(Dataset items)

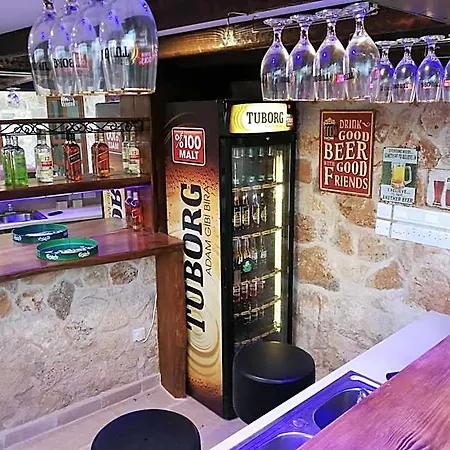 Hanna Koumi Boutique Hotel Kormakiti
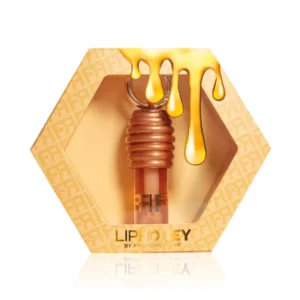 Gloss labial Lip Honey 5g âmbar Fran by Franciny Ehlke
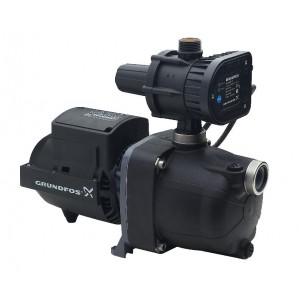 Grundfos JPRain Range
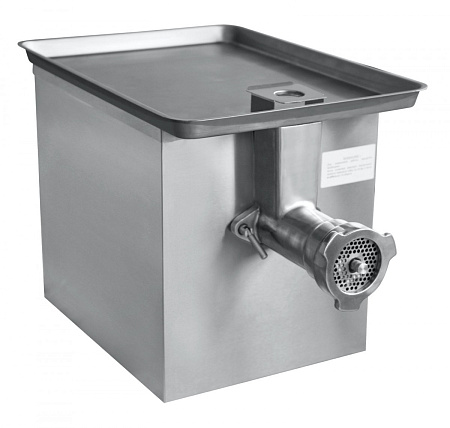 Мясорубка Abat МЭП-300 Мясорубка Abat МЭП-300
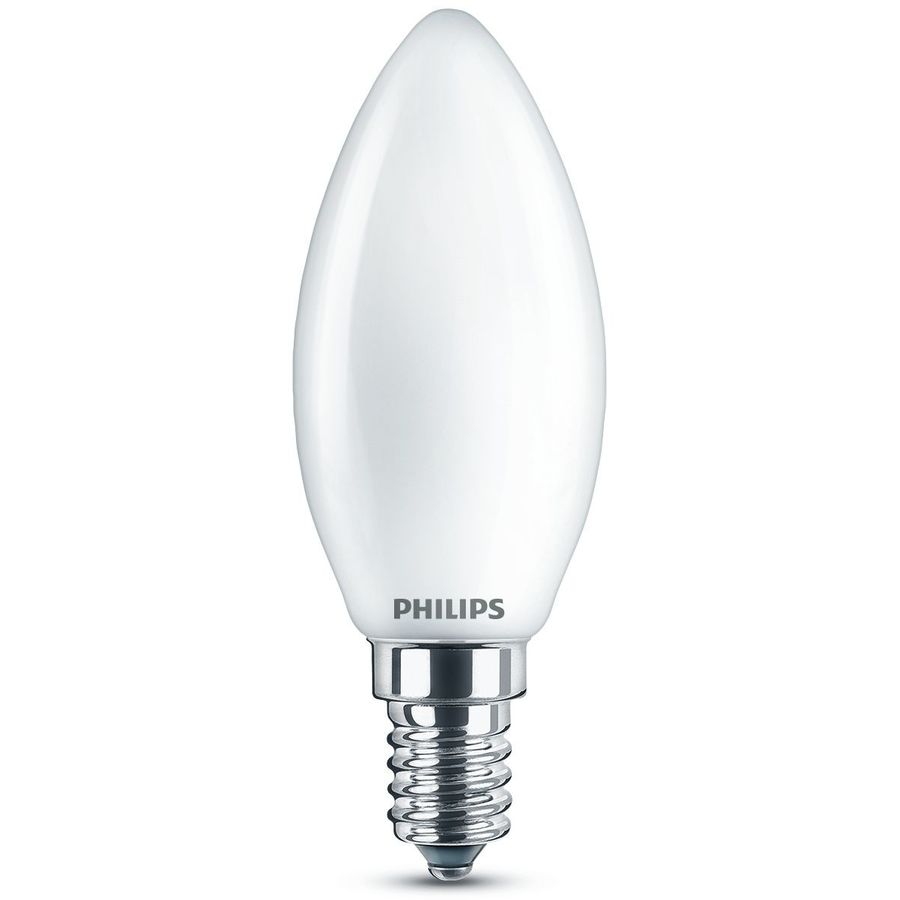 Philips Philips Bougie LED E14 Blanc Chaud  2.2 W von Philips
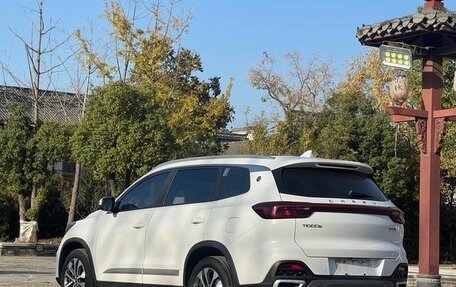 Chery Tiggo 8 I, 2023 год, 1 310 000 рублей, 5 фотография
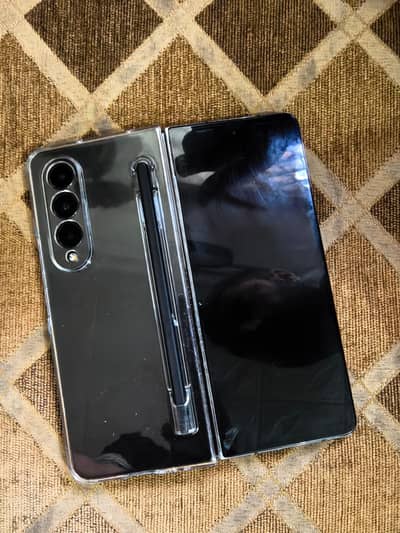 Samsung Mobile Z Fold 4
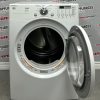 Used LG 27” Electric Stackable Dryer DLE3777W For Sale (4)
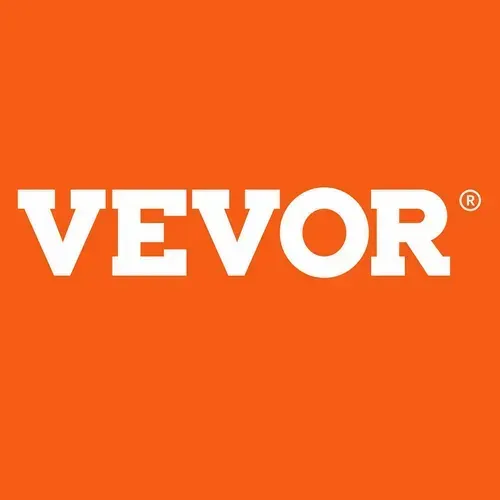 Vevor logo. Current weekly ad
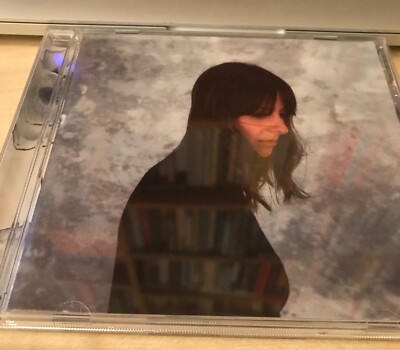 MOLLY BURCH - PLEASE BE MINE (CD ALBUM)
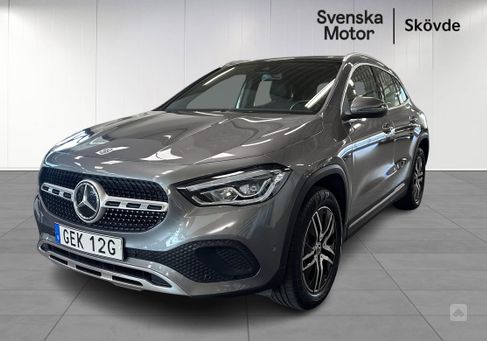 Mercedes-Benz GLA 250, 2023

**EXERCISE:**
Would you return the entries verbatim, minus any images?

**WRITTEN REPLY:**
 Hanna Koumi Boutique Hotel Kormakiti
 Gloss labial Lip Honey 5g âmbar Fran by Franciny Ehlke
 Grundfos JPRain Range
 Мясорубка Abat МЭП-300 Мясорубка Abat МЭП-300
 Philips Philips Bougie LED E14 Blanc Chaud  2.2 W von Philips
 Chery Tiggo 8 I, 2023 год, 1 310 000 рублей, 5 фотография
 Samsung Mobile Z Fold 4
 Used LG 27” Electric Stackable Dryer DLE3777W For Sale (4)
 Vevor logo. Current weekly ad
 MOLLY BURCH - PLEASE BE MINE (CD ALBUM)
 Mercedes-Benz GLA 250, 2023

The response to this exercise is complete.